▸ **Work request**
Where the data below contains pictures, omit them; output the rest word for word.

**********

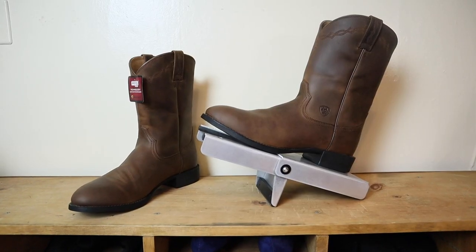Hi friends! Guess what? Today we are checking out another one of Ariat's most popular boots — the Ariat Heritage Roper. Let's get into it!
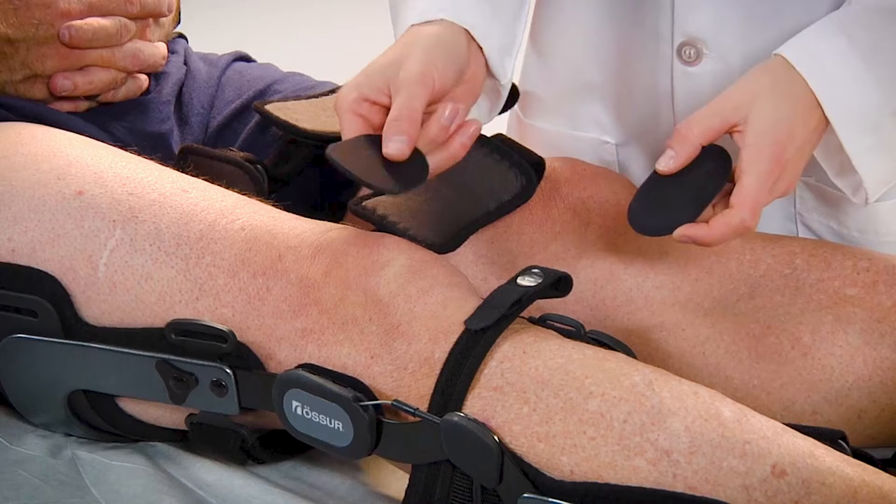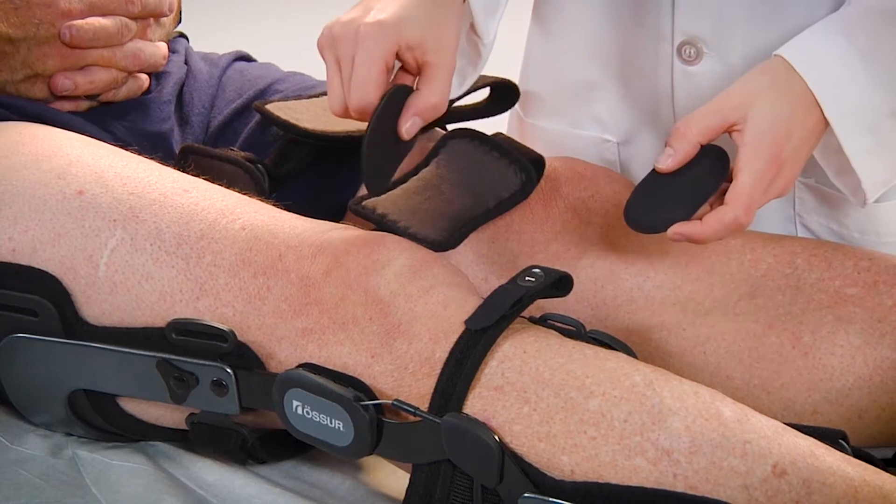The device is preassembled with thick condyle pads and is included with thinner sized condyle pads, along with a hook and loop shim. Use any combination of the condyle pads and shim to widen or narrow the width.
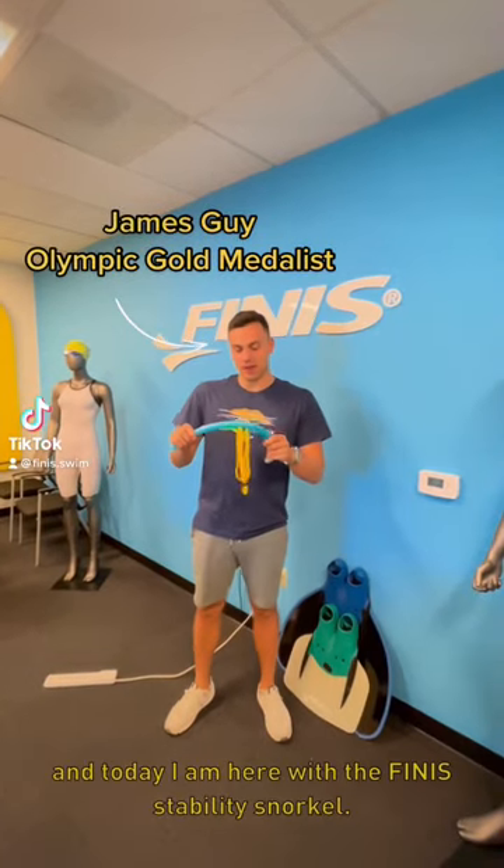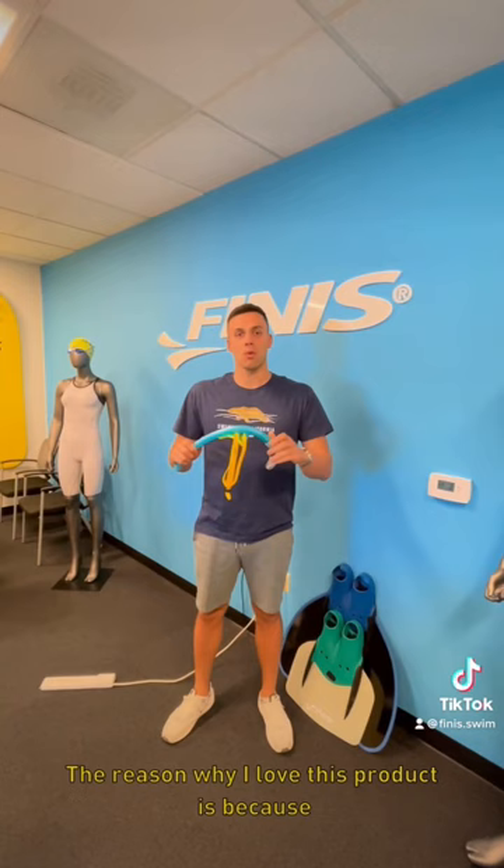Hey guys, James Guy here, and today I'm with the Phinease Stability Snorkel. The reason why I love this product is because one thing I'm doing all the time in training is SMPT — slow motion perfect technique.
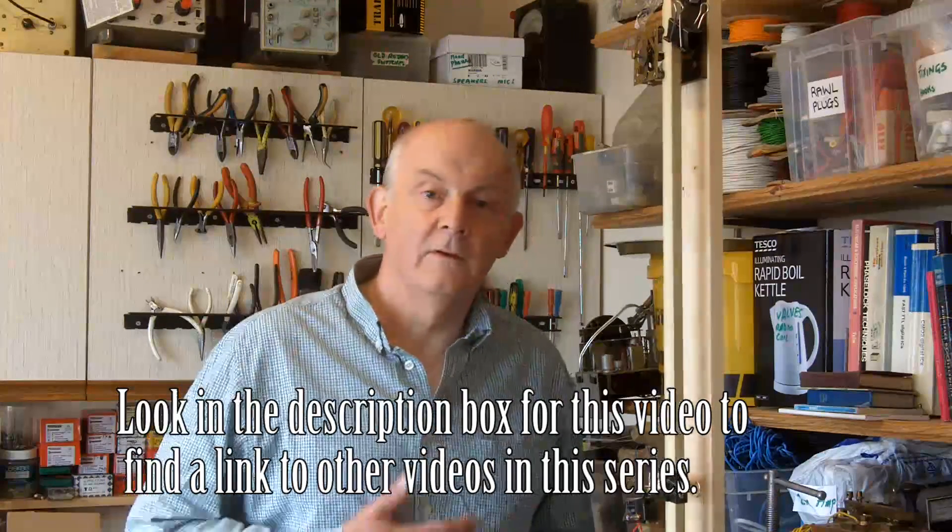Hi there. I'm continuing to play around with this little clock that I've been messing with. This video will only be of interest to anybody that wants to see the sort of things that I've been looking at as optional drive mechanisms.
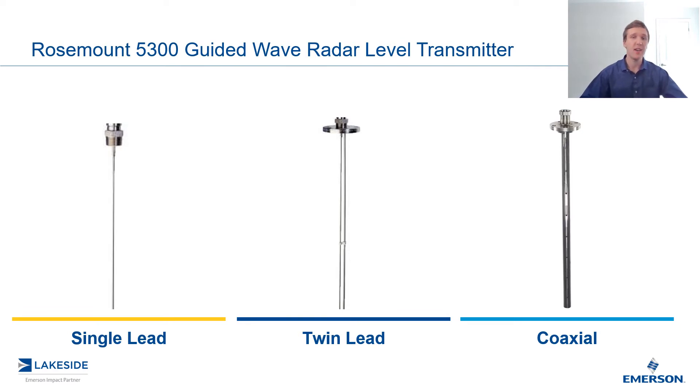Another instance would be if you have a variety of vessels on site — all sorts of different shapes and sizes. Again, for ordering purposes and simplicity of stocking, it might be easier to just order the tallest, longest probe as per the tallest application. Then you can have an inventory of these and cut them as you see fit per application.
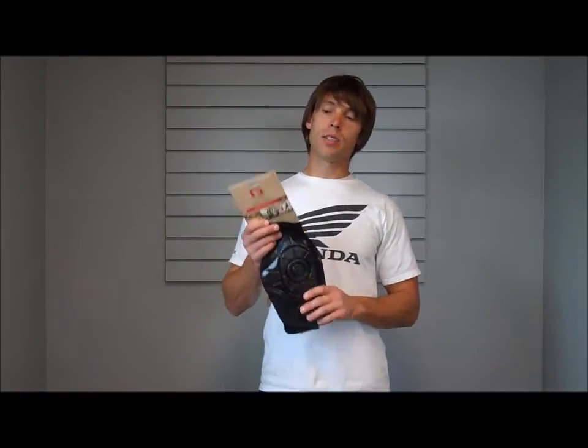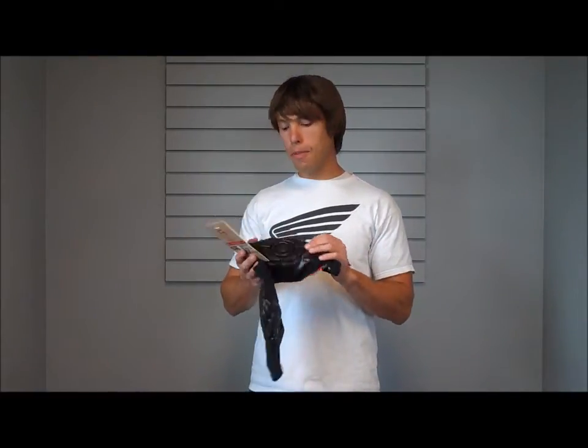Today we're going to go over the G-Form Knee Pads. This is probably their most popular protective item, at least for action sports these days. The reason why people like them is because they're very minimalist — they're very, very thin. They're using their PORON XDR technology.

**********

▸ **Response**
Hi friends! Guess what? Today we are checking out another one of Ariat's most popular boots — the Ariat Heritage Roper. Let's get into it!
The device is preassembled with thick condyle pads and is included with thinner sized condyle pads, along with a hook and loop shim. Use any combination of the condyle pads and shim to widen or narrow the width.
Hey guys, James Guy here, and today I'm with the Phinease Stability Snorkel. The reason why I love this product is because one thing I'm doing all the time in training is SMPT — slow motion perfect technique.
Hi there. I'm continuing to play around with this little clock that I've been messing with. This video will only be of interest to anybody that wants to see the sort of things that I've been looking at as optional drive mechanisms.
Another instance would be if you have a variety of vessels on site — all sorts of different shapes and sizes. Again, for ordering purposes and simplicity of stocking, it might be easier to just order the tallest, longest probe as per the tallest application. Then you can have an inventory of these and cut them as you see fit per application.
Today we're going to go over the G-Form Knee Pads. This is probably their most popular protective item, at least for action sports these days. The reason why people like them is because they're very minimalist — they're very, very thin. They're using their PORON XDR technology.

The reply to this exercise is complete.